Sam Antar describes commission attorney Richard Simpson as 'an unbelievably tough guy.' Antar should know: he was CFO of Crazy Eddie, the crooked retailer that Simpson helped topple in the Eighties
[This story originally ran in Crain's New York Business, a sister publication of InvestmentNews]
Goldman Sachs, say hello to Crazy Eddie.
Crazy Eddie, longtime New Yorkers will recall, was the electronics retailer with “insaaaaane” prices that engaged in massive accounting fraud before collapsing in 1987. One of the people who helped crack the case was a Securities and Exchange Commission lawyer named Richard E. Simpson.
Today, Mr. Simpson is the lead SEC attorney on the Goldman fraud case.
“He's a top gun, an unbelievably tough guy,” said Sam Antar, a former Crazy Eddie chief financial officer who pleaded guilty to his role in the fraud.
“He was nicknamed ‘Pit Bull' by federal prosecutors,” Mr. Antar recalled. “As a former adversary who did battle against Simpson and later buckled under his pressure to cooperate with him, I found him to be very focused, knowledgeable about how criminals operate, and he knows how to bring them down.”
The SEC has filed a civil case against Goldman; it doesn't have the authority to bring criminal charges. Still, with the agency's top gun aimed squarely at Goldman, the firm's stock has remained under pressure amid growing signs that its legal problems may result in a tough financial reform bill coming out of Congress. That, in turn, is putting renewed pressure on other banks' stocks.

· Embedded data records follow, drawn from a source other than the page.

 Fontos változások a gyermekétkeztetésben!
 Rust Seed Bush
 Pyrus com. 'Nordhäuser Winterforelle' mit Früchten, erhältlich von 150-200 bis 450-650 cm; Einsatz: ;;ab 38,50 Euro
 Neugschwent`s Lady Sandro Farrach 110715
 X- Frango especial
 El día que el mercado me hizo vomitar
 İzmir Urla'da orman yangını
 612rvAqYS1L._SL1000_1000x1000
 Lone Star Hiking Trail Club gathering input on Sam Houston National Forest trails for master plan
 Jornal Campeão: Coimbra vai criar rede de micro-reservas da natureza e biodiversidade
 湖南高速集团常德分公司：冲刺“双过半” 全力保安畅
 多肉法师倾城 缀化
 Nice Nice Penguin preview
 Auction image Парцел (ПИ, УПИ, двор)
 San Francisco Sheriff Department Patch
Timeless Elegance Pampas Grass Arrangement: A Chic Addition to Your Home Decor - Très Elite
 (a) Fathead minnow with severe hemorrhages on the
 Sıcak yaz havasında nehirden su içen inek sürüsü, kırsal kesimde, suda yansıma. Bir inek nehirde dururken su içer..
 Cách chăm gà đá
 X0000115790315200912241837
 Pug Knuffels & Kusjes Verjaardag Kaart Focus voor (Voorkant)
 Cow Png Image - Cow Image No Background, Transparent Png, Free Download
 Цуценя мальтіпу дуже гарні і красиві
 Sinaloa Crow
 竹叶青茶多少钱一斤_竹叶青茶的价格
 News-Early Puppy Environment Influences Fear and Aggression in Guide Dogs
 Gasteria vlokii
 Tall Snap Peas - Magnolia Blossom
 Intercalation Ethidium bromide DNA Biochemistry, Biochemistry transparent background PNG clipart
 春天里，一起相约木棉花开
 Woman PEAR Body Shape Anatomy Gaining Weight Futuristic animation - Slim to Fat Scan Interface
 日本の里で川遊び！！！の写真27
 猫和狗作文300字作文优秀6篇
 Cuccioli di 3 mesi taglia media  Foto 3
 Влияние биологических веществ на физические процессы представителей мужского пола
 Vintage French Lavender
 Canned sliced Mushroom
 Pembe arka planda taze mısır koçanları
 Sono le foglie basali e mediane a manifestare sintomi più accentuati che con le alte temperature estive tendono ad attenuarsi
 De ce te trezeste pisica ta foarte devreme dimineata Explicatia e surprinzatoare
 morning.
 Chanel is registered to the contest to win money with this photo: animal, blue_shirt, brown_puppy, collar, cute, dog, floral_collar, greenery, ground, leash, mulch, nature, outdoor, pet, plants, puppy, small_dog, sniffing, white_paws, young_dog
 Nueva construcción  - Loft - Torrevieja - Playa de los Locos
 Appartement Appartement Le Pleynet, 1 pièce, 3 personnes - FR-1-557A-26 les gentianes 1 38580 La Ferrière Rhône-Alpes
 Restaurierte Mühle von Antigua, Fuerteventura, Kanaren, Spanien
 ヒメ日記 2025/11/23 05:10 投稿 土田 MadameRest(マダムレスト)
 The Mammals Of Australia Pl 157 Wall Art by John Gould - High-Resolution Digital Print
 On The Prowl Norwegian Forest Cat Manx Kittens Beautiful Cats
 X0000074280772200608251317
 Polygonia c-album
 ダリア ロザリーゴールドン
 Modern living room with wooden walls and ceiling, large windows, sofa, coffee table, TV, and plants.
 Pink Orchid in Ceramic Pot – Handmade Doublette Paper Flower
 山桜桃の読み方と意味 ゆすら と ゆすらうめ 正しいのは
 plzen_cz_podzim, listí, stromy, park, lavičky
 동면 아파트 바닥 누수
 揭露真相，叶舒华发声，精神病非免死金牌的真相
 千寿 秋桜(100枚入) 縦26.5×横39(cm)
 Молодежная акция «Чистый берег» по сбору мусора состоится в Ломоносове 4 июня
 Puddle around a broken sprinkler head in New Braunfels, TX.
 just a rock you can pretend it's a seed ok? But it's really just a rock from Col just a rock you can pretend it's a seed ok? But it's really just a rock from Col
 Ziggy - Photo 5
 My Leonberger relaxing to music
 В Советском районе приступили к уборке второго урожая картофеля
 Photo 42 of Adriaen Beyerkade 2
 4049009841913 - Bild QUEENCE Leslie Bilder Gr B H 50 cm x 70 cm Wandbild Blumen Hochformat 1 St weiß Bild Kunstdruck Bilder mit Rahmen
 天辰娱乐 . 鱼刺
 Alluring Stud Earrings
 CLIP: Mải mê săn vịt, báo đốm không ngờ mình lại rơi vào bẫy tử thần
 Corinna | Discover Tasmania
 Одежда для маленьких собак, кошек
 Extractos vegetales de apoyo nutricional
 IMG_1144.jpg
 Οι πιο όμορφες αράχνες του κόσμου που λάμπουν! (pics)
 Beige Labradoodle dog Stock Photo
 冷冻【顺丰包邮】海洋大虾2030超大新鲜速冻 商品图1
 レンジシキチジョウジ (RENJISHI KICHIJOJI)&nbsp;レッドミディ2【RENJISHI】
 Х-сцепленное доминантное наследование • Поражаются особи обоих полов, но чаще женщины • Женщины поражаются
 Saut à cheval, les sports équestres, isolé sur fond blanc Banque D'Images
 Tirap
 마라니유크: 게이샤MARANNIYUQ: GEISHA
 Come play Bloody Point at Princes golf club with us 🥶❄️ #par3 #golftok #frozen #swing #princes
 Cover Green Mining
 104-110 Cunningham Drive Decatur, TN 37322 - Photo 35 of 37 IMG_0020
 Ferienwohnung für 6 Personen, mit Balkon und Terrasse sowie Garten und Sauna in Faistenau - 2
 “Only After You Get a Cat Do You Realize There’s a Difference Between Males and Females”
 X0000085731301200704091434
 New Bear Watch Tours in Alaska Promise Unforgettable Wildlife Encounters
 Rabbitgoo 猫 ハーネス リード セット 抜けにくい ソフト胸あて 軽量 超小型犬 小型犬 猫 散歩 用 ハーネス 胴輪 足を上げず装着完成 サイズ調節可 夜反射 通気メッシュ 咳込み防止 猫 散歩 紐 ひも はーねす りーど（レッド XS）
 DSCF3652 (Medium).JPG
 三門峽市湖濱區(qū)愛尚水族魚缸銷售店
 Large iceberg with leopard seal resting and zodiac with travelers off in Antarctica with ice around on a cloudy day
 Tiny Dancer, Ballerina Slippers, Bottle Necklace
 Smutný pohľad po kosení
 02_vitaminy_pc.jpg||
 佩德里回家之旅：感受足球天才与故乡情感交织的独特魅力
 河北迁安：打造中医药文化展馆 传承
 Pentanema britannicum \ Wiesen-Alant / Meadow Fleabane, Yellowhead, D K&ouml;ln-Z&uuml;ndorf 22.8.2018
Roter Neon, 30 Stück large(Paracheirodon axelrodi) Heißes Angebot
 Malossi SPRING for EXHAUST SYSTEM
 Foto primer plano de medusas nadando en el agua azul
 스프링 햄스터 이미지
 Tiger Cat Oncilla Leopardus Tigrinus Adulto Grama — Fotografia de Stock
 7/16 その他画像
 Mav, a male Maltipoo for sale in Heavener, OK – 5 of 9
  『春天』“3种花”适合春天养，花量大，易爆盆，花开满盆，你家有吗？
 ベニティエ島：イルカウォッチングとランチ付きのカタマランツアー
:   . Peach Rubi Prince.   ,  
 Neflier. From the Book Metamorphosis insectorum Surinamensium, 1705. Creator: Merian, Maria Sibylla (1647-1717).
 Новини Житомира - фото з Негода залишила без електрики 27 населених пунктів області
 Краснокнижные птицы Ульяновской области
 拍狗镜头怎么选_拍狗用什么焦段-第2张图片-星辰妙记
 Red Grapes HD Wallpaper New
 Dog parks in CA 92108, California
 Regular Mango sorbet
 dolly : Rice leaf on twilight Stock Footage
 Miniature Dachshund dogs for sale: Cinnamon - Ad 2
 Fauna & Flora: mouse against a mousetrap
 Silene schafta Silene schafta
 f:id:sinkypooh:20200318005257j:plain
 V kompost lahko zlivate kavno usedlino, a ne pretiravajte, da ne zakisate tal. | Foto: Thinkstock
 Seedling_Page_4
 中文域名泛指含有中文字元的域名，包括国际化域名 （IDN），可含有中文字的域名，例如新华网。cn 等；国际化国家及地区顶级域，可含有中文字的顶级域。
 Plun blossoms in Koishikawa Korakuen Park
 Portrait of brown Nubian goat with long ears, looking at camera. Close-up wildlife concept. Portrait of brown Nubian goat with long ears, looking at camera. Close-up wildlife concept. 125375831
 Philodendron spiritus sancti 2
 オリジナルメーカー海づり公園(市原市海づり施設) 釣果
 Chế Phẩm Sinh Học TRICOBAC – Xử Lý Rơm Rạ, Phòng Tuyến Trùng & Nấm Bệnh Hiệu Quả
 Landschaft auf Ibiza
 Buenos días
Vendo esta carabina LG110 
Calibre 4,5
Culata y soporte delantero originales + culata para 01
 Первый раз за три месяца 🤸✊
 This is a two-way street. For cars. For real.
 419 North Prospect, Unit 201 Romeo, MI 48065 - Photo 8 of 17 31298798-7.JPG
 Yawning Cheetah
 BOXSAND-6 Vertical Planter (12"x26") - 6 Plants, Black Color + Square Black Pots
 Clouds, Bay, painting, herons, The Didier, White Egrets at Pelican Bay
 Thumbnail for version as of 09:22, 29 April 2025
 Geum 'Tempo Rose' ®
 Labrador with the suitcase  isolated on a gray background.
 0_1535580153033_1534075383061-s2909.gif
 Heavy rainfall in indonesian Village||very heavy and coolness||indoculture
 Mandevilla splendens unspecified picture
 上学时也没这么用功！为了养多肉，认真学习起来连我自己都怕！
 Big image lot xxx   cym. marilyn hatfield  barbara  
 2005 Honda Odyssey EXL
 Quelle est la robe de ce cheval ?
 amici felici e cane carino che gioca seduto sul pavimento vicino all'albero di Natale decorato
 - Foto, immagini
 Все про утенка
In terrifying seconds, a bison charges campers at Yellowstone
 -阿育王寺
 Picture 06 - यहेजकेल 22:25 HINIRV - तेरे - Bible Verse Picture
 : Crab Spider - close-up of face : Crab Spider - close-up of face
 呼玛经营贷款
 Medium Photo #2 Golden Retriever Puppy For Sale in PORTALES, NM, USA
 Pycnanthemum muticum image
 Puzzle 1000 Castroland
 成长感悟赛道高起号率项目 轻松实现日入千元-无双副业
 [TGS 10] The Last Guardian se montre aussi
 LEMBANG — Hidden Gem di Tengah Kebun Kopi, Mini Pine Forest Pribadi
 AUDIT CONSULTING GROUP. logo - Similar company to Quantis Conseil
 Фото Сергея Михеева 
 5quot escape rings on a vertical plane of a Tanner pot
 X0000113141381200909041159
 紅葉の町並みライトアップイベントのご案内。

Goldman shares dropped 13% on Friday -- from 184 to as low as 157 -- when the SEC unveiled its suit. The commission alleges that the firm cheated investors by failing to mention it was selling them a bond that was designed to collapse -- and in fact had been created in close consultation with a top hedge fund customer who was shorting the security.
Goldman, which insists it did nothing wrong, held a conference call on Tuesday to discuss quarterly results. The firm also addressed, at some length, the SEC complaint. That helped give a slight boost to the Wall Street giant's share price, which was trading around 162 by mid-day.
In a note to clients on Monday, FBR Capital Markets analyst Paul Miller wrote “stricter than expected” financial reform now appears close to reality. He said Republicans have “folded” and are now willing to accept an independent consumer financial protection agency, which they had sought to house within the Federal Reserve.
Mr. Miller added that Republicans now are focusing on “curtailing the more onerous aspects” of derivatives regulation, but warned that such legislation is slated to be harsher than most industry participants assumed just a few weeks ago.
The so-called Volcker Rule, which would limit the amount of risky trading banks can undertake, is “largely off the table,” Mr. Miller contended, and instead Congress will probably begin a four-year study of the rule's potential impact.
The prospect of tougher-than-expected reform pressured shares in J.P. Morgan and Bank of America. Both also fell by less than 1% on Monday. Citigroup rose 7% for the day after reporting stronger-than-expected earnings.